Radio Haiti Project Plan
Project Summary
Objective | Primary: Launch Radio Haiti digital audio, video and tri-lingual metadata in DDR-Public. Secondary: Allow easy access to audio/video from smartphones (for the Haitian audience) |
---|---|
Dependencies | /wiki/spaces/DDR/pages/11599922, OHMS-like interface, hi-fi / lo-fi derivatives |
Out of Scope | Captioning |
Timeline | Requirements freeze by February 1, 2017 Launch in June 2017 |
Size of Collection | Total project size: ~5360 audio and video files (master and derivative), 8.5 TB total Total to be launched in June: TBD |
Working Description spreadsheet | https://docs.google.com/spreadsheets/d/1FDdviJHoLIR2ju3I-Akdoe23JLQSSty-EPLIIsln064/edit?usp=sharing |
Project Team | Craig Breaden (Unlicensed) and Laura Wagner, Co-Champions Laura Wagner: Processing collection and creating metadata Molly Bragg (old account) (Unlicensed), Project Manager Ginny Boyer (Deactivated), Software Development Manager Maggie Dickson (old account) (Unlicensed), Metadata Architect Content Ingest Specialists and Will Sexton (old account) (Unlicensed), Ingest files into DDR Enterprise Services Development Team Cory Lown (Deactivated), Sean Aery (Old Account) (Unlicensed), Jim Coble (Unlicensed), David Chandek-Stark (old account) (Unlicensed), Ayse Durmaz (old) (Unlicensed), Jack Hill (Unlicensed), Developers Alex Marsh (old account) (Unlicensed), Digitization Specialist Video Zeke Graves (old account) (Unlicensed), Digitization Specialist Audio Cutting Corp (Aaron Coe), Audio digitization vendor National Endowment for the Humanities: Granting Agency and stakeholder |
Detailed Project Information
Content Analysis
Material to be digitized:
Collection(s): Radio Haiti Recordings, 1957-2003
Format: audio reels, audio cassettes, VHS, betacam
Number of files:
~5300 master audio files
32 mov, 32 mp4
What is an item?
A file is an item (1 cassette may have more than 1 item)

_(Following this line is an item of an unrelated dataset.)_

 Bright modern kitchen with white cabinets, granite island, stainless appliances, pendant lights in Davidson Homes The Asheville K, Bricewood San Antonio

Rights issues (see rights details below for more info):
Permission granted by Radio Haiti to digitize and publish Radio Haiti materials.

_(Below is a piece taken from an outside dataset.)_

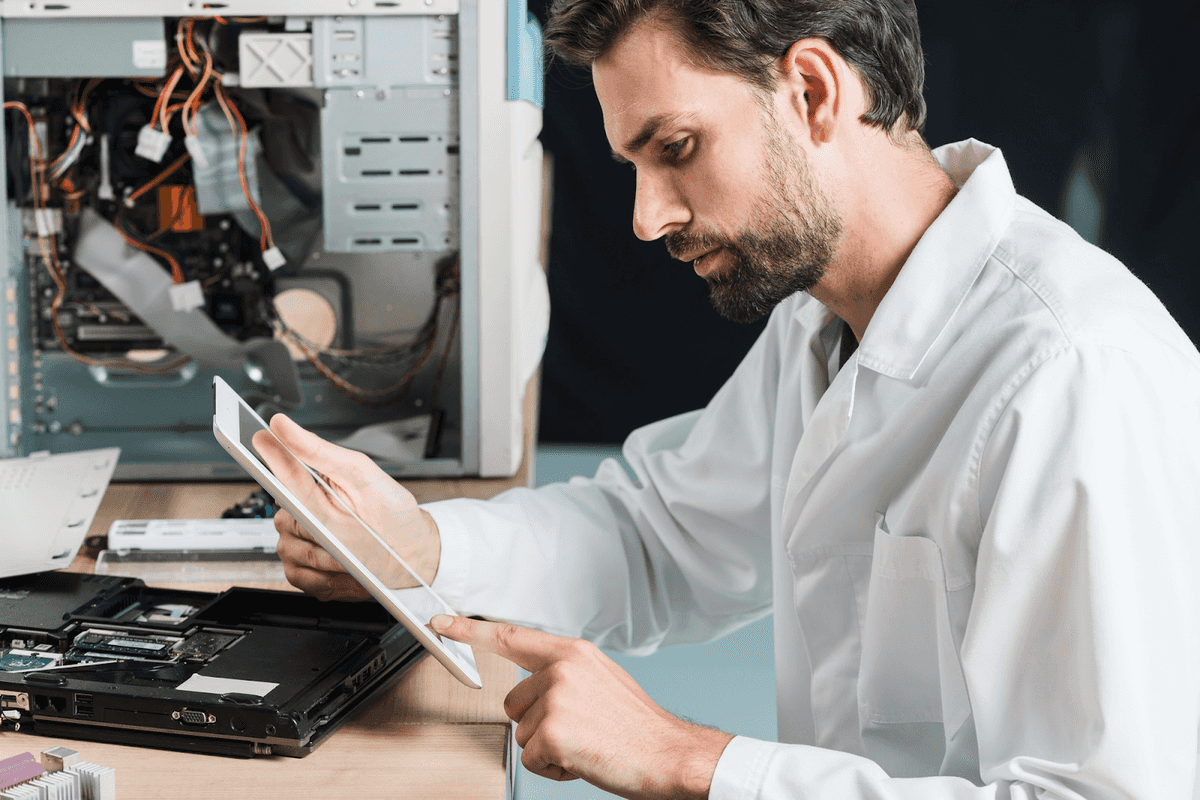photo of side-view-male-technician-using-digital-tablet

Recordings include a fair amount of 3rd party owned content and project team has been exercising due diligence to investigate and clear these. Often the content is intermixed.
The video content is the raw footage of the Agronomist (film by Jonathan Demme).
Will need to confer with Dave Hansen on rights and appropriate rights statements.
Scope:
All unique A/V items will or have been digitized.
Some items will not be available for public access.
Notes:
Digitization and File Details
Audio
Vendor: Cutting Corporation
Data produced: 5 TB
Digitization began in 2015?
File naming convention: [collection number][rr or cs][item 4 digits]_[side 2 digits]
RL10059CS0001_01
Files from vendor include hyphens: RL10059-CS-0001_01 and can be converted.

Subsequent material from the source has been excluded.